A pachinko machine is a bit like a pinball machine, but the differences are important. First, it's upright, so the balls fall much faster. Second, you buy balls by the hundreds and shoot them as fast as you can, with repeated twangs of your thumb on the launcher.
With all those balls in play, it doesn't really matter if a few drain out the holes in the bottom. Nobody whacks a machine or tilts it as they do with American pinball. And most balls do drain, with a few hitting the jackpot and giving free balls.
Your site is a pachinko machine. If you buy enough balls, you'll have plenty of traffic coming in at the top of the machine. The challenge (which is under your control) is how to design the layout of the machine so that the balls -- or most of them -- go where you want them.

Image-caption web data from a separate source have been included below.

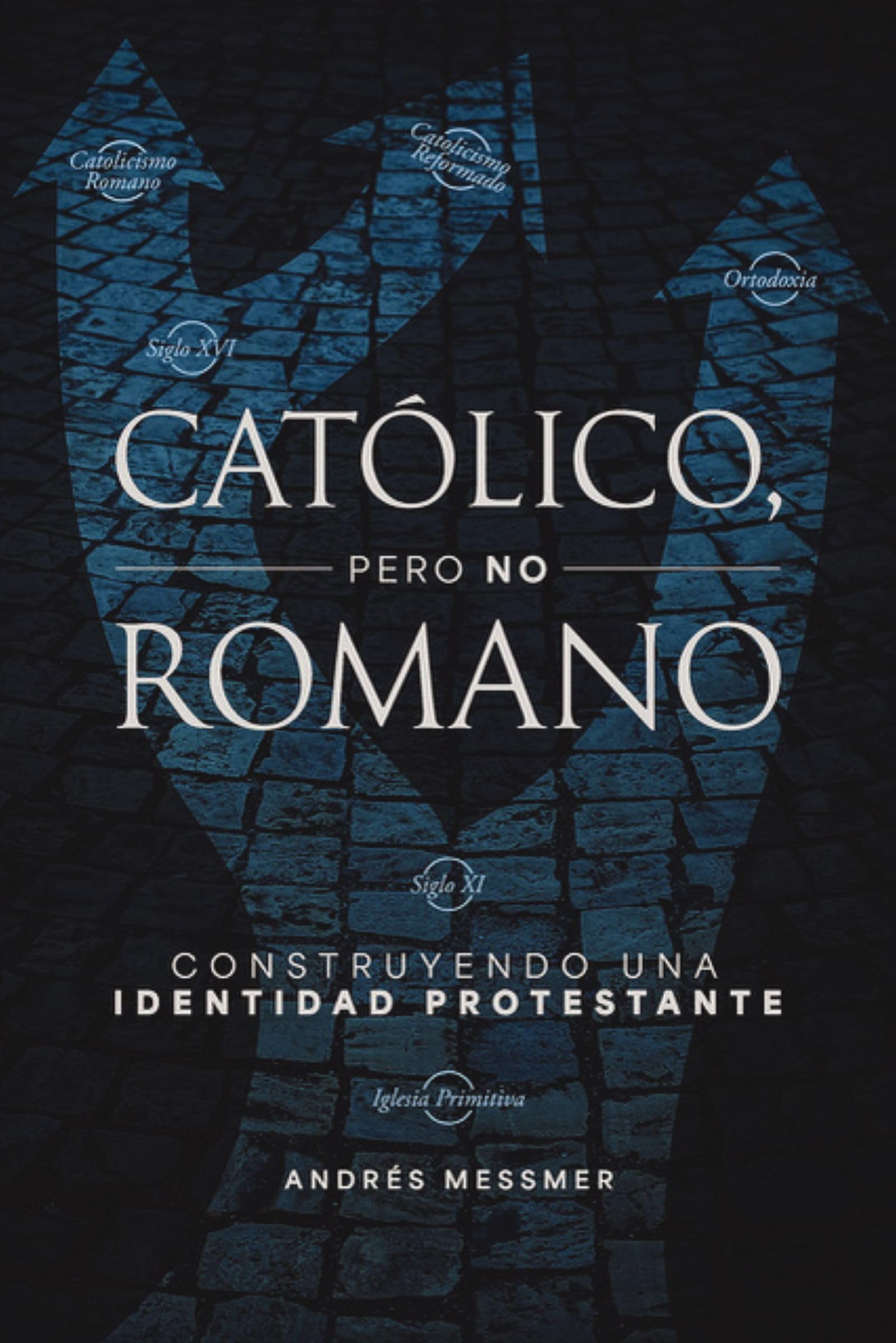 Libro: Católico, pero no romano: Construyendo una identidad protestante (Spanish Edition)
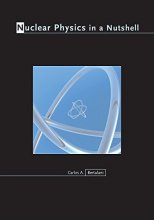 Cover art for Nuclear Physics in a Nutshell (In a Nutshell, 4)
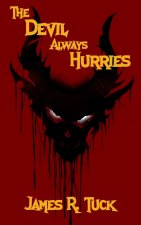 The Devil Always Hurries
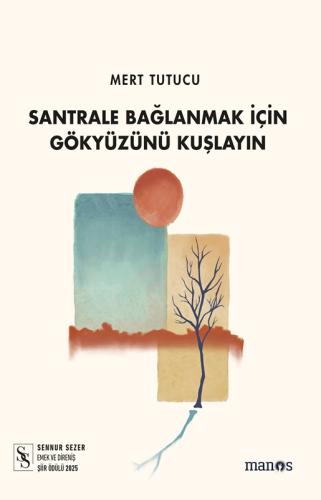 Santrale Bağlanmak İçin Gökyüzünü Kuşlayın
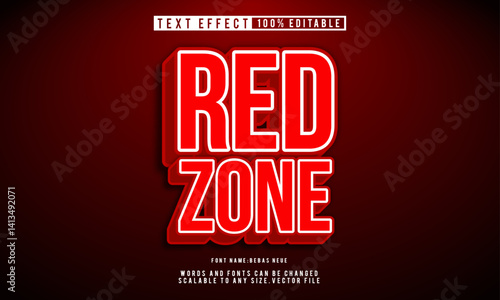 Editable red zone warning text effect with bold style impact.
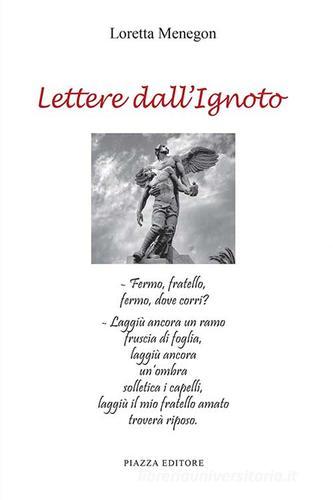 Lettere dall'ignoto di Loretta Menegon edito da Piazza Editore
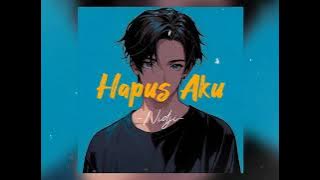 Hapus Aku - Nidji (Speed Up   Reverb)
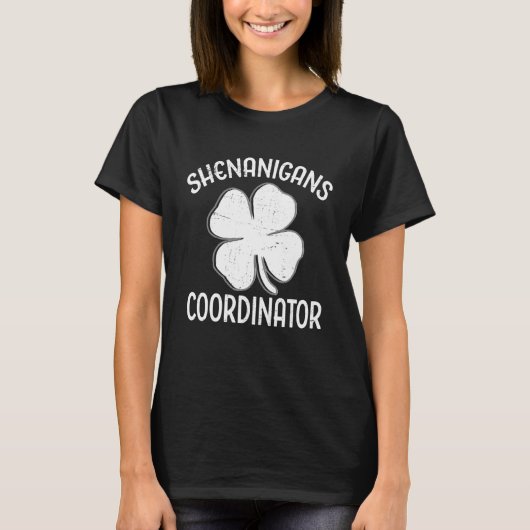 Funny Shenanigans Coordinator Shirt St Patricks Da (Voorkant)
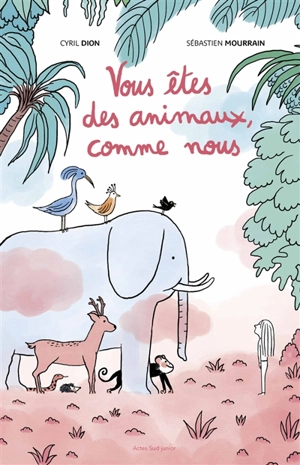 Vous êtes des animaux, comme nous - Cyril Dion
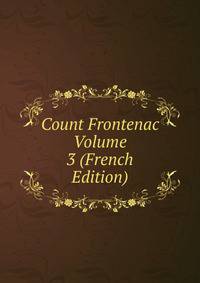 Count Frontenac Volume 3 (French Edition)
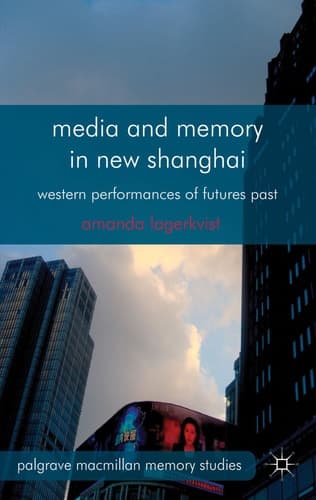 Media and Memory in New Shanghai Western Performances of Futures Past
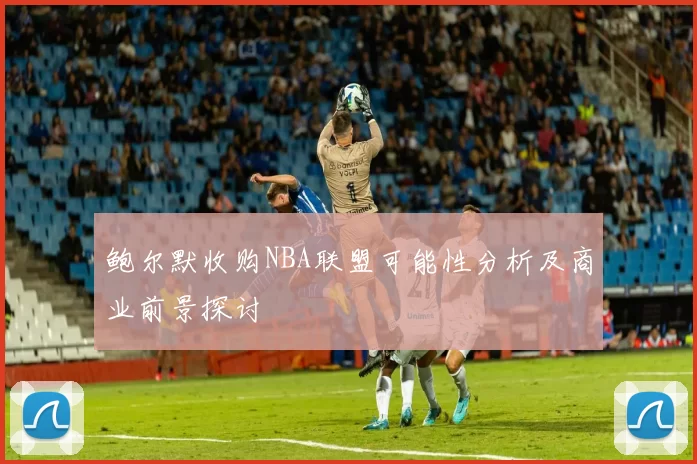 鲍尔默收购NBA联盟可能性分析及商业前景探讨
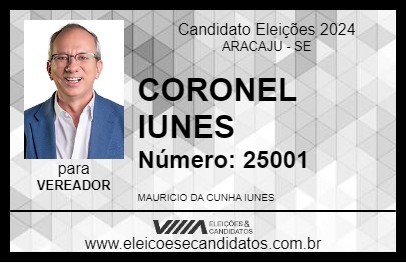 Candidato CORONEL IUNES 2024 - ARACAJU - Eleições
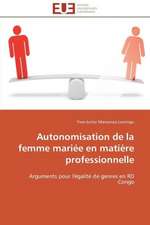 Autonomisation de La Femme Mariee En Matiere Professionnelle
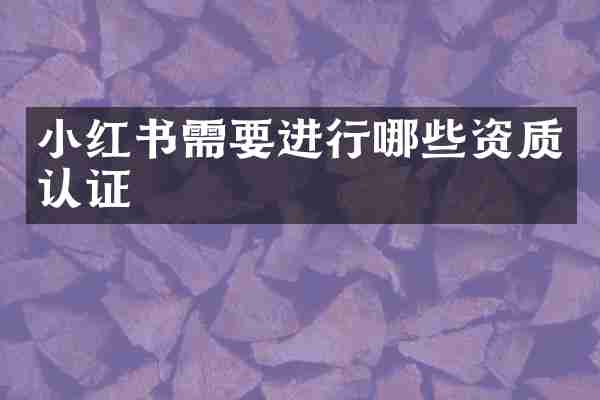 小红书需要进行哪些资质认证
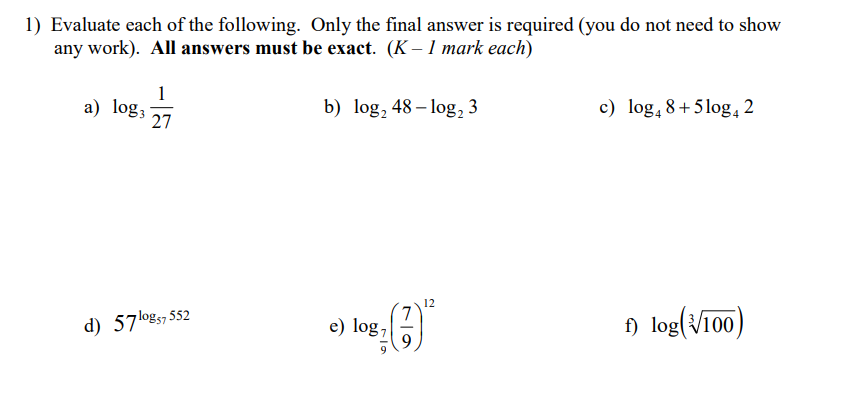 1) Evaluate each of the following. Only the final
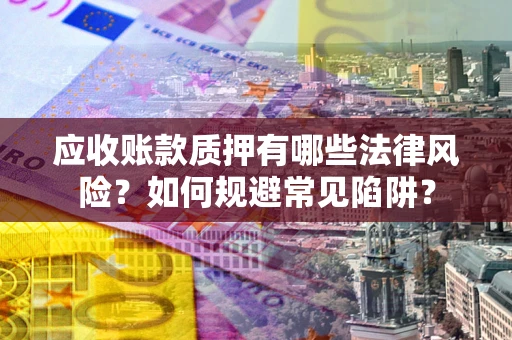 北京应收账款质押有哪些法律风险？如何规避常见陷阱？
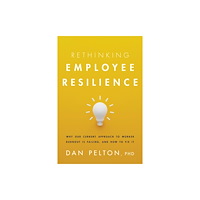 American Psychological Association Rethinking Employee Resilience (häftad, eng)
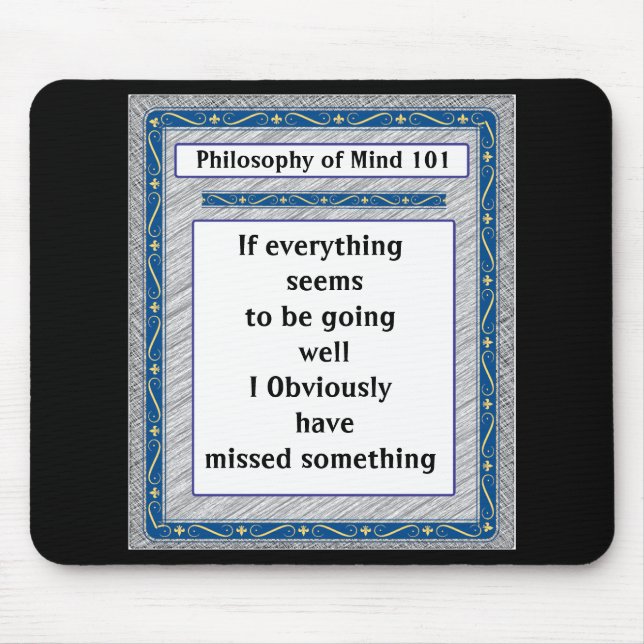 Philosophy of Mind 101 Mouse Pad (Front)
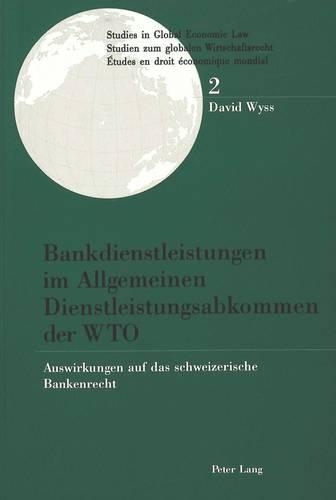 Bankdienstleistungen Im Allgemeinen Dienstleistungsabkommen Der Wto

Most sites are poorly designed. They waste a lot (or sometimes, virtually all) of the balls that flow through. As a result, the owners of these sites need to pay more money for more traffic in order to get the desired results.
What I'm trying to do is outline a different theory. In essence, it's a direct marketer's way of looking at the traffic you get. If you can get some of the balls to go where you want, it's OK if the rest drain away.
As the balls work their way down through the machine that you call your site, you can choose to place additional pages between them and the desired goal. Of course, the more pages you place, the more likely it is that the ball won't do what you want and will drain, leaving you with nothing.
The challenge is to create a series of enticing offers, impenetrable boundaries and thoughtful and logical steps that keep people with you from the moment they arrive until they reach the destination you've set out for them.
What's so cool about this analysis is that you soon realize that balls toward the bottom of the machine (near your goal) are worth far, far more to you than fresh balls just in on the top. You quickly find that it's OK to waste many balls at the topmost level, but only if that sorting action leads to greater profit at the bottom.
The goal is to have a site where X percent of the balls you put in the top end up doing what you want. If you can figure out what X needs to be to make a profit, and you can determine how to accomplish that goal, you've built a perpetual motion machine of money.
If this sounds like direct marketing, that's because it is direct marketing. The Web is a giant direct marketing machine, and the best tactic is to use direct marketing thinking to create a site where your margin per relationship is greater than the cost of that relationship.
Now that you've got a site where balls generate more revenue than they cost to buy, buy more balls. It's not rocket science. It's simple, so simple that all those sites that lost $5 or $10 or $300 for each person they brought in ignored it. They weren't playing pachinko. They were gambling, and they lost.
Here's what we know:
• People don't visit many Web pages considering how many there are.
• When they do visit a page, they decide whether they're going to stay in less than three seconds. If they don't know what to do, they hit the back button.
• The vast majority of people who visit your Web site aren't going to figure out what to do in three seconds.
• If you show them in an obvious way, maybe they'll figure it out.
• Hence the banana. Design each and every page with one and only one primary objective. That's the banana. Make it big. Make it blue (or red). Make it obvious.
• Fight the urge to be all things. Pick one thing. No, your pick won't make everyone happy. So what.
• If you don't pick, they won't either.